Troppi errori, svolta all'Fbi Barack nomina direttore un ex fedelissimo di Bush
Tempo di lettura: 2 minutiUn’anticipazione stampa non smentita dalla Casa Bianca ha dato notizia di un cambio al vertice dell’Fbi: dopo dodici anni di reggenza, finisce l’era di Robert S. Mueller e alla guida del Federal Bureau of Investigation viene chiamato James B. Comey. Due i motivi di interesse per la nomina. Anzitutto il prescelto è un repubblicano, ha fatto carriera sotto la presidenza di George W. Bush, diventando il numero due del dipartimento della Giustizia. Pur condividendo le linee guida dell’amministrazione Bush, il prescelto ha dato prova di indipendenza, tra l’altro bloccando la reiterazione della legge sulle intercettazioni indiscriminate promulgata dopo l’11 settembre e seguendo da presso il dibattimento sull’affaire Valerie Plame (l’agente della Cia di cui fu rivelata l’identità e quindi messa a rischio l’incolumità), che portò all’incriminazione di “Scooter” Libby, capo dello staff di Dick Cheney, il più potente vice-presidente della storia degli Stati Uniti e uomo forte dell’amministrazione Bush. Così la scelta di un repubblicano indipendente per la guida dell’Fbi prosegue quella linea che Obama aveva inaugurato con la nomina di Chuck Hagel alla Difesa: tentare di dare un profilo più moderato e meno liberal alla sua amministrazione cercando sponde nell’area moderata del Grand Old Party.

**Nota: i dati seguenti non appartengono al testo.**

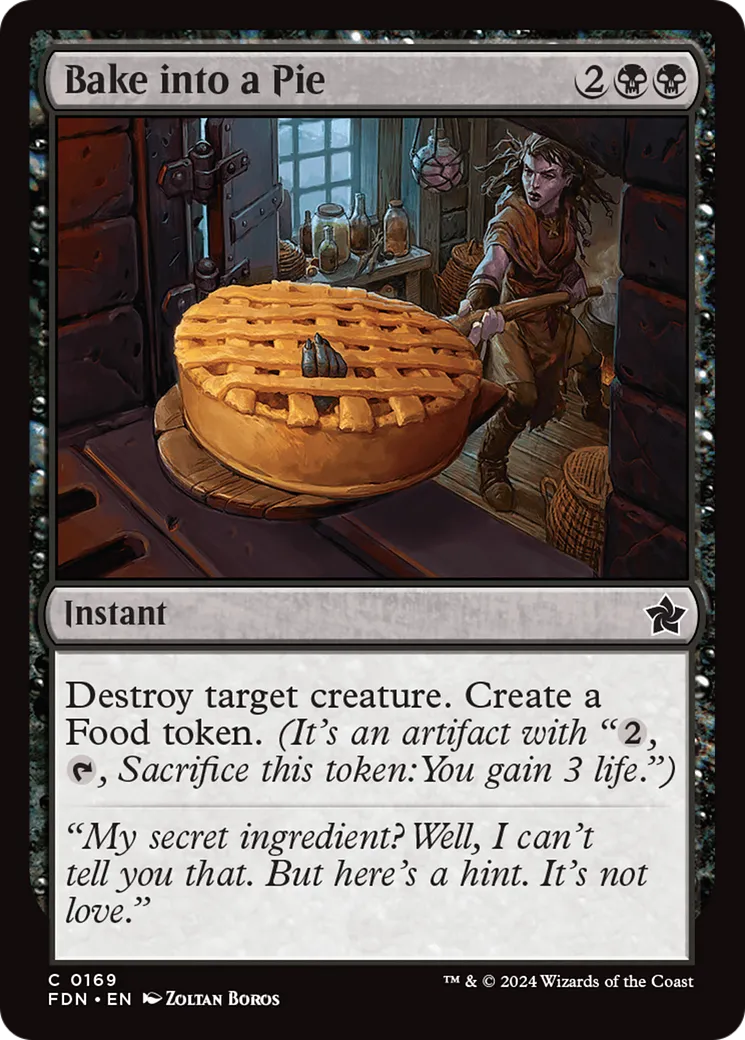 Faire cuire une tourte — Foundations — Magic: The Gathering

Altro motivo di interesse della nomina di Comey sta nel fatto che sia avvenuta in un momento in cui l’Fbi ha di fronte a sé un compito nuovo: quello di fronteggiare un rinnovato attivismo destabilizzante nel territorio degli Stati Uniti. Dopo l’11 settembre e le lettere all’antrace che avevano caratterizzato i primi passi dell’amministrazione Bush, il suolo americano era rimasto indenne da minacce vere e proprie, anche se l’ossessione della sicurezza aveva dato luogo a un allarmismo continuo. Invece di recente si sono susseguiti episodi inquietanti: il recente attentato alla maratona di Boston, il misterioso tiro al bersaglio sulla folla durante la parata della festa della mamma a New Orleans, le buste all’antrace e alla ricina inviate a diverse personalità di spicco della politica americana (pochi giorni fa una di queste è stata inviata a Bloomberg, ieri – è la seconda nel giro di due mesi – ne è giunta una anche ad Obama, ambedue con indicazioni minacciose riguardo alla campagna da loro condotta per il controllo delle armi), oltre alle sanguinose stragi nelle scuole e ai pericolosi fermenti che attraversano diversi gruppi estremisti armati made in Usa, dai suprematisti bianchi ai prepper. Nuove sfide, insomma, che evidentemente richiedono un nuovo approccio e una nuova leadership.
Oltre a tali motivazioni c’è anche la voglia dell’Amministrazione Obama di non creare ulteriori attriti con i repubblicani, dopo i recenti attacchi di questi sulla vicenda dell’ambasciatore Usa ucciso a Bengasi, sulle intercettazioni illegittime nei confronti di alcuni giornalisti e sulle persecuzioni compiute dall’Agenzia delle entrate nei confronti di associazioni e imprese legate al movimento del Tea Party. Comey è repubblicano e dovrebbe passare indenne al vaglio del Congresso che ne deve confermare la nomina. Una nomina che evidenzia ancora una volta l’abilità politica e diplomatica del Presidente degli Stati Uniti.